= Prompt =
Take the lines from the one containing "Heavy Duty XCH907K" through the final line below and restate them exactly. Omit the pictures.

[Image-caption web data]
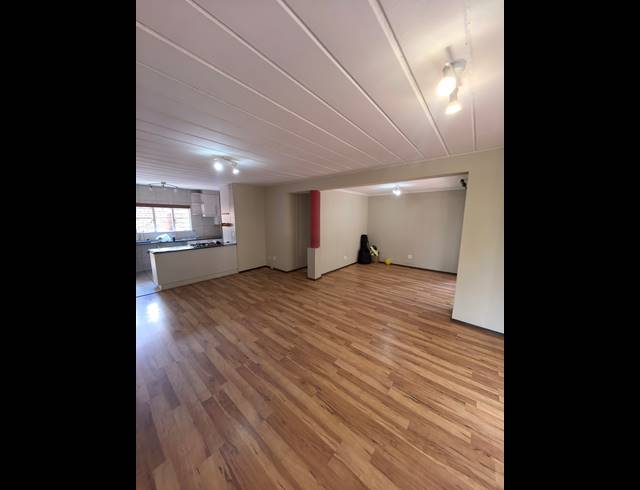 3 BEDROOM SECTIONAL TITLE FOR SALE IN WELTEVREDEN PARK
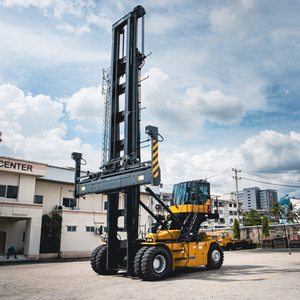 Heavy Duty XCH907K 9 Ton Gestor de contenedores vacíos Apilador de alcance móvil para uso en puertos y almacenes - Product Image 4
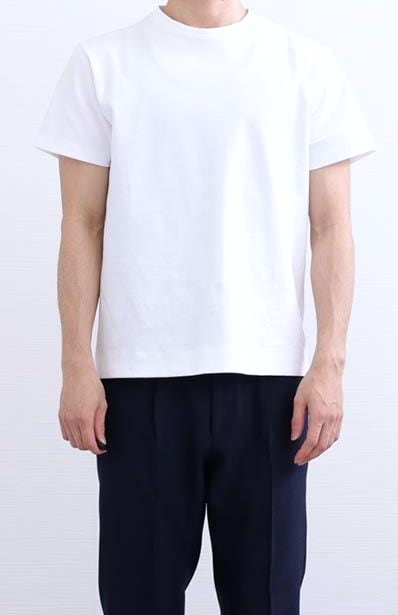 174cm・65kg の方が M を着用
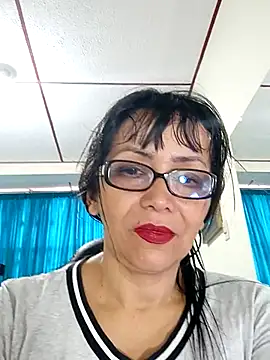 kelly dirty  online show from 10-14-25, 05:14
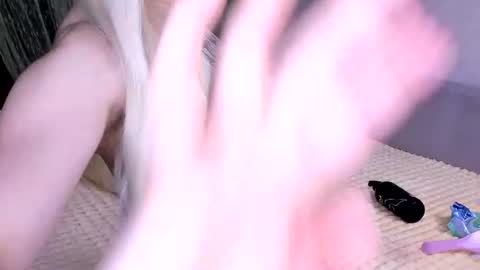 Alice online show from August 12, 10:34 pm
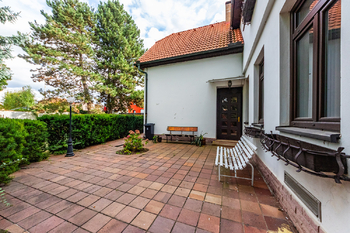 Prodej domu 344 m², Zdiby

= Response =
 Heavy Duty XCH907K 9 Ton Gestor de contenedores vacíos Apilador de alcance móvil para uso en puertos y almacenes - Product Image 4
 174cm・65kg の方が M を着用
 kelly dirty  online show from 10-14-25, 05:14
 Alice online show from August 12, 10:34 pm
 Prodej domu 344 m², Zdiby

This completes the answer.